Produce an exact transcription of the data, with the images left out.

◆ Data section
---

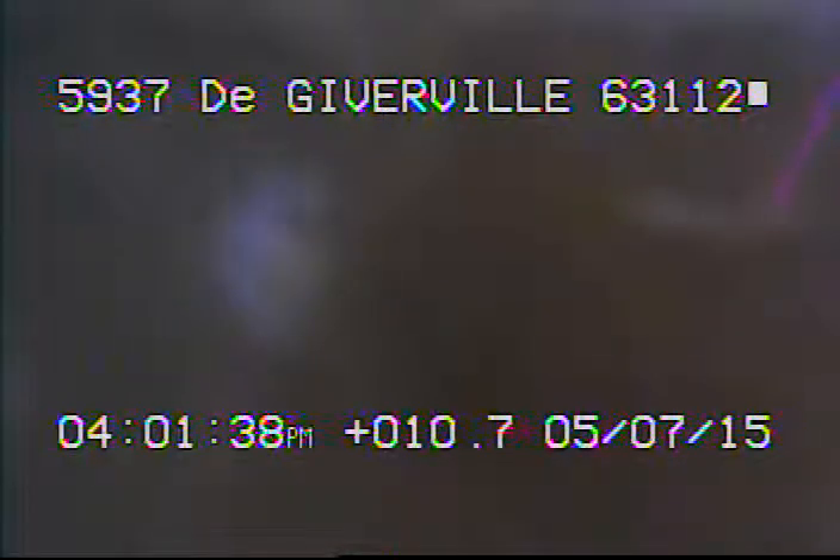Today is May 7th, 2015, and it's 5937 in Giverville, televising a sanitary sewer line from the 4-inch stack.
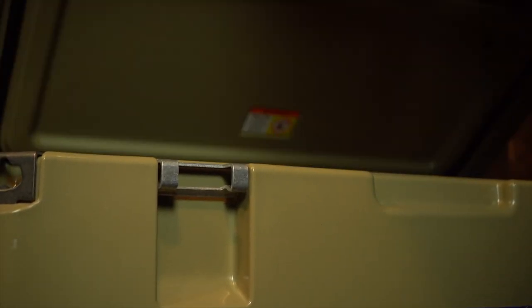The freezer-grade gasket, tough rubber T-handle latches, and R12 insulation will hold your ice up to 13 days of regular use.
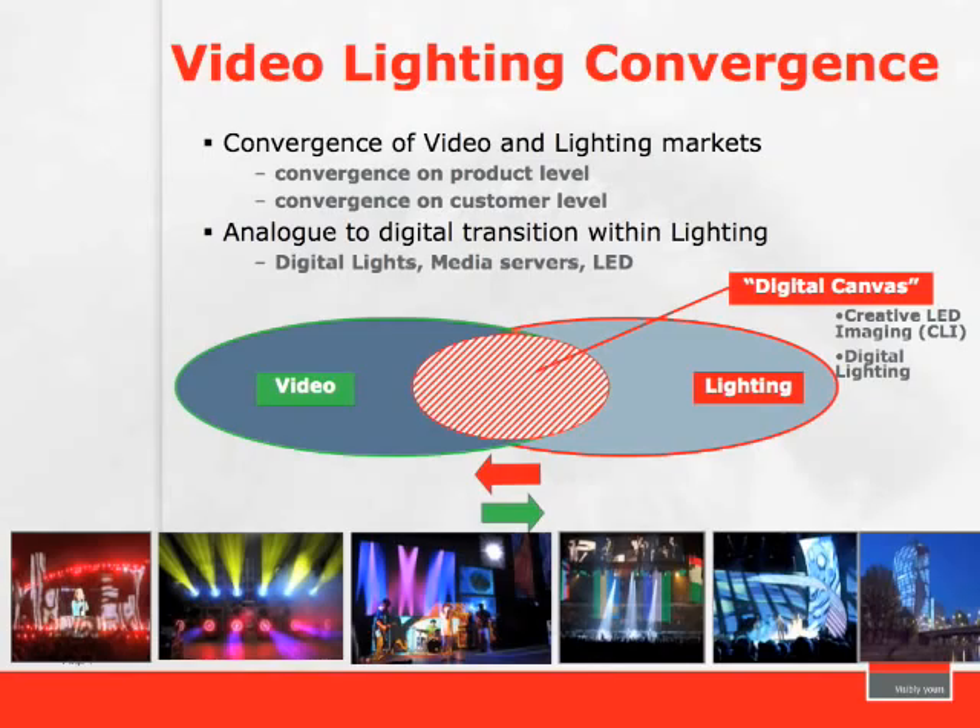The convergence of video and lighting markets is happening at the product level and also at the customer level — that's the end user — people who are becoming more familiar with the tools, seeing them at trade shows and getting hands-on training. The analog-to-digital lighting transition within lighting includes the digital life, the media servers, and the tools themselves. What's exciting is the whole digital canvas and the merging of technologies to create the effect that the person with the vision is actually looking for.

---

◆ Task response
Today is May 7th, 2015, and it's 5937 in Giverville, televising a sanitary sewer line from the 4-inch stack.
The freezer-grade gasket, tough rubber T-handle latches, and R12 insulation will hold your ice up to 13 days of regular use.
The convergence of video and lighting markets is happening at the product level and also at the customer level — that's the end user — people who are becoming more familiar with the tools, seeing them at trade shows and getting hands-on training. The analog-to-digital lighting transition within lighting includes the digital life, the media servers, and the tools themselves. What's exciting is the whole digital canvas and the merging of technologies to create the effect that the person with the vision is actually looking for.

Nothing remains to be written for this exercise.